BEGIN

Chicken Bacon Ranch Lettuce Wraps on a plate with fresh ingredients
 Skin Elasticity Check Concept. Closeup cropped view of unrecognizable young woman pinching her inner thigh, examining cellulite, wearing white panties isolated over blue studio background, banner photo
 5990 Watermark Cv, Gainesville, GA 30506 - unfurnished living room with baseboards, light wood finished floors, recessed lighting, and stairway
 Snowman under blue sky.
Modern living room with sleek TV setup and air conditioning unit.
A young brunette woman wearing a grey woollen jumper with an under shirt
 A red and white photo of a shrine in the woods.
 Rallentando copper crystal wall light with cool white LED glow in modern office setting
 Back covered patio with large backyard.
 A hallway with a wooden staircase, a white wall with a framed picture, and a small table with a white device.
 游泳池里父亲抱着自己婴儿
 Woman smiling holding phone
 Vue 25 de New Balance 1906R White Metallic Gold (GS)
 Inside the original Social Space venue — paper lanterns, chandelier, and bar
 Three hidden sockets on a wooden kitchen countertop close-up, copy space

END

PROBLEM TO SOLVE — Working through the records, find each line containing the word "with" and copy it.

RESULT FOR THIS TASK —
Chicken Bacon Ranch Lettuce Wraps on a plate with fresh ingredients
 5990 Watermark Cv, Gainesville, GA 30506 - unfurnished living room with baseboards, light wood finished floors, recessed lighting, and stairway
Modern living room with sleek TV setup and air conditioning unit.
A young brunette woman wearing a grey woollen jumper with an under shirt
 Rallentando copper crystal wall light with cool white LED glow in modern office setting
 Back covered patio with large backyard.
 A hallway with a wooden staircase, a white wall with a framed picture, and a small table with a white device.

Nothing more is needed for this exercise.